God as ‘Life’ or God as ‘Love’?
By Rodney Eivers
It is clearly an ongoing struggle for many of us to redefine what we mean by God, given that we have to use that term at all. Some indeed would have us do away with the term God altogether and I have some sympathy for that road. On the other hand, at a practical level, e.g. in conducting services of worship, it is very difficult to get a handle on the metaphorical terms which have been suggested from time to time. Even Paul Tillich’s famous: “ground of our being” has failed to grab me with any significance. Indeed I still don’t really know what it means. It is very difficult to be more succinct when seeking to encapsulate our highest values, our loftiest ideals, our peak experiences and our areas of ultimate concern.

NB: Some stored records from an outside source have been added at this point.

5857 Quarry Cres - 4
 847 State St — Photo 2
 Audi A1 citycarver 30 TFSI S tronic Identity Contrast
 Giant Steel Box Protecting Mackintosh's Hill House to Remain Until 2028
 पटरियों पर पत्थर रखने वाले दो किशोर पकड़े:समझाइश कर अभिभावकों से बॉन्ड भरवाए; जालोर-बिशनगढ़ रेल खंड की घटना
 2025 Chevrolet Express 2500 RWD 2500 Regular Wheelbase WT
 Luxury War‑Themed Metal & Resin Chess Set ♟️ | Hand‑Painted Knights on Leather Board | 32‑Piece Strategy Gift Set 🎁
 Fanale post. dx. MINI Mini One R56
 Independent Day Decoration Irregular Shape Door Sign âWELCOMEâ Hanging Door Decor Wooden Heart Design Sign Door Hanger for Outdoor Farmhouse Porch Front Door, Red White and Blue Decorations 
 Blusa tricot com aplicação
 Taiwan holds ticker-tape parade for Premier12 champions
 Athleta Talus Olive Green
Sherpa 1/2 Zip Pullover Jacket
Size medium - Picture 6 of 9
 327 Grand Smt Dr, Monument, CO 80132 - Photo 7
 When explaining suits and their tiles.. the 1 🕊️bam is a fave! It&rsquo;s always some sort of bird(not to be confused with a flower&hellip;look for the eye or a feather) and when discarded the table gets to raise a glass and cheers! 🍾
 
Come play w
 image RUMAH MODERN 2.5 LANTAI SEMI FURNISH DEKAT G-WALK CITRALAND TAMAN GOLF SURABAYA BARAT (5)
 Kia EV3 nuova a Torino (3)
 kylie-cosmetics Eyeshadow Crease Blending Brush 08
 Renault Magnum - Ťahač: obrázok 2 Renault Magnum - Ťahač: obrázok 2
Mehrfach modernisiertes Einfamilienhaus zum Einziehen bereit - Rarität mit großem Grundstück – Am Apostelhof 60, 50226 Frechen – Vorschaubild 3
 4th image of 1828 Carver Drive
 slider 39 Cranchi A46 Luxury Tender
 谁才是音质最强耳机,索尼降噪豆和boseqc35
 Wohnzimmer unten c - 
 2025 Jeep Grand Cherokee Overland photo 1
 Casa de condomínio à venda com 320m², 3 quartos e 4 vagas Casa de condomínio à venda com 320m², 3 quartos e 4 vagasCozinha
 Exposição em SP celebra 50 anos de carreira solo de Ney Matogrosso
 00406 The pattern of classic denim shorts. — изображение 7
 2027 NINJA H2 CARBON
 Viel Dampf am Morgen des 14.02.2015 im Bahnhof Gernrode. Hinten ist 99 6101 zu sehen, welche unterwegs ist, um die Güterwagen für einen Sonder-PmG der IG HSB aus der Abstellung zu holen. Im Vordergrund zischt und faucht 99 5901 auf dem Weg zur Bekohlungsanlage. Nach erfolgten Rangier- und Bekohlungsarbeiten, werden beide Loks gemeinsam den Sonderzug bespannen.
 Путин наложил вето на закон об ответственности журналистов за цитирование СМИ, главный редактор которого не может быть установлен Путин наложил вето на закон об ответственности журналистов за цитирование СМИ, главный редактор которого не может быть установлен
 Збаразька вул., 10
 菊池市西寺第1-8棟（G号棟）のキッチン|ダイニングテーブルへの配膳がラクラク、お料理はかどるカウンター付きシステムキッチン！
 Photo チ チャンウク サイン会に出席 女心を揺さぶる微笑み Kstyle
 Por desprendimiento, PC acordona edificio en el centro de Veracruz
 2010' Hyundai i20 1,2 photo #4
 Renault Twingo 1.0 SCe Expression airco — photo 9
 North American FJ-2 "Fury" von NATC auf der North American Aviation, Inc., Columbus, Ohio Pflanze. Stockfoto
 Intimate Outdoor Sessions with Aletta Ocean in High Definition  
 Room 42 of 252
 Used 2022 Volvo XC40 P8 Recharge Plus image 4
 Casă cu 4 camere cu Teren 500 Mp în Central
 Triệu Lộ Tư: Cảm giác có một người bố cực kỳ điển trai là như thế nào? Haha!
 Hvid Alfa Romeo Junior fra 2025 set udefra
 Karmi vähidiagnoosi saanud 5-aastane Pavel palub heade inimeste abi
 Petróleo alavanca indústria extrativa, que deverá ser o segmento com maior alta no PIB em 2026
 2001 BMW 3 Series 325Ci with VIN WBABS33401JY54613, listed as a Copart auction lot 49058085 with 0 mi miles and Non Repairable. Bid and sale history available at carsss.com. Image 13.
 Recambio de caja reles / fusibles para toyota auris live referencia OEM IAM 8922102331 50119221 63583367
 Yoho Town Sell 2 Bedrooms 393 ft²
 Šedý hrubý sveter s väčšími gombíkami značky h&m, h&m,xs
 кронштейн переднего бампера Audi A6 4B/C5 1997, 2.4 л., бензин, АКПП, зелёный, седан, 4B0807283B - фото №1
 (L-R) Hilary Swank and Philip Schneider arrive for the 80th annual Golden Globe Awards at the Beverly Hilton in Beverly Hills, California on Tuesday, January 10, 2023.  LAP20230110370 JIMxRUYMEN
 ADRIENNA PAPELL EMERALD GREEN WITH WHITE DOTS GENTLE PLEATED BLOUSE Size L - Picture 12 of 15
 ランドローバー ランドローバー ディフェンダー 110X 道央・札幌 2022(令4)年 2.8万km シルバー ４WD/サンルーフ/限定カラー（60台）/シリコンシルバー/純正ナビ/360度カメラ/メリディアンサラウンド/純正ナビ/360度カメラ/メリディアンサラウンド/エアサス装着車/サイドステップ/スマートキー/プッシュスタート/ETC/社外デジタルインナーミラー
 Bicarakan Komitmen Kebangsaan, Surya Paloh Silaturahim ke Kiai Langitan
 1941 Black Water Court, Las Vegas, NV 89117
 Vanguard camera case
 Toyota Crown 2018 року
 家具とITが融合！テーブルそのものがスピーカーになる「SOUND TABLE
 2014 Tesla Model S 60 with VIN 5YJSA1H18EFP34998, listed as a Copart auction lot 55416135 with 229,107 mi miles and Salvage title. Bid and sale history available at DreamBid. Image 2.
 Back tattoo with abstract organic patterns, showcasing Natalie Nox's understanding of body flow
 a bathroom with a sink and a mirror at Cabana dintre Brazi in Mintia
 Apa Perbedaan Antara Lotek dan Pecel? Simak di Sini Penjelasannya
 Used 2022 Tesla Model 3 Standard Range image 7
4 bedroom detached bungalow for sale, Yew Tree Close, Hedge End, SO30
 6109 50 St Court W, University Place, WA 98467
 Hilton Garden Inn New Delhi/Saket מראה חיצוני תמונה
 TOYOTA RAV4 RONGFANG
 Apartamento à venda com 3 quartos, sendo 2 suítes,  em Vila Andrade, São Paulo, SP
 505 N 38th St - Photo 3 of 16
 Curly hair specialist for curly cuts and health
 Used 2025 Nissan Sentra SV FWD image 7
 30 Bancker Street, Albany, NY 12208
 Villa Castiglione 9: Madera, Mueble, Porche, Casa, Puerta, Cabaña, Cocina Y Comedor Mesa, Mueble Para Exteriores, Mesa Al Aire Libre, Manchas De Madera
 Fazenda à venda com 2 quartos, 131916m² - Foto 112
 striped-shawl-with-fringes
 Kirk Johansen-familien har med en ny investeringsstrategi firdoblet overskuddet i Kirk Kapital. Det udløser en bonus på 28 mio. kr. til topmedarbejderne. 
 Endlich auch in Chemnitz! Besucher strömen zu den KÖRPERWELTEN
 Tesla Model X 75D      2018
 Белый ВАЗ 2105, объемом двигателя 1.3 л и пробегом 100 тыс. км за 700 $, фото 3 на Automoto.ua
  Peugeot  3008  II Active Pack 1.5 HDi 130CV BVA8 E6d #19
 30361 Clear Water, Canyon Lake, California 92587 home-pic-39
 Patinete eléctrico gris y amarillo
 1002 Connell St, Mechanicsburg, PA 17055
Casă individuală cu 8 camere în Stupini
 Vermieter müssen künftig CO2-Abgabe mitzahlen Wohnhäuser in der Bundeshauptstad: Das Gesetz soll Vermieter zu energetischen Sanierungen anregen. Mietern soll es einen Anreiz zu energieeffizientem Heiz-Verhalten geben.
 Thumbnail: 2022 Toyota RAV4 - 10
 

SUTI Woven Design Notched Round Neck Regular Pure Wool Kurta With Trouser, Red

So I am tending to fall back on retaining the use of the term God and letting people define for themselves what they might mean by it. There is one area, however, where one can in a highly practical way equate a single common word with the word God. This is the one that Don Cupitt makes much of, “Life”. I think it is true that a great number of people in both the religious and secular world do equate these two words. Life is what is. An abstraction, sure, yet we can sometimes almost feel its effects as palpable.
Thus we can say, “God willing” and mean that it will happen if the breaks in life come our way. A child can ask, “Why do monkeys have tails and humans do not? We can quite logically answer, “Because God made us that way”. In other words, “that is the way life has developed, how it has happened”. This is very simple and honest.
Where I do have a problem in using God this way comes back to the issue that Hugh Mackay and David refer to. If God is “life”, God is not necessarily loving or just. As Jesus is reputed have said, “ God causes the rain to fall on the just and the unjust”
But to regard God as “love” or a “human spirit of goodness” is very much a part of my own worldview. I find it difficult to reconcile the two and have just about given up. It is a reason, for example, why I have not been convinced of Don Cupitt’s Solar Ethics as being the answer.
God as “life” and as “love” are incompatible. I have no satisfying answer so far and the best I can come up with is of two different gods. Or if we want to stick to monotheism we have a biune rather than a triune God – two persons in one.
Mind you I find this dualism fits in well with my day-to-day expression of Christian faith and living. The great commandment of Jesus thus becomes, “To love God (celebrate life) and to love one’s neighbour. (display the spirit of goodness in all our human dealings)”.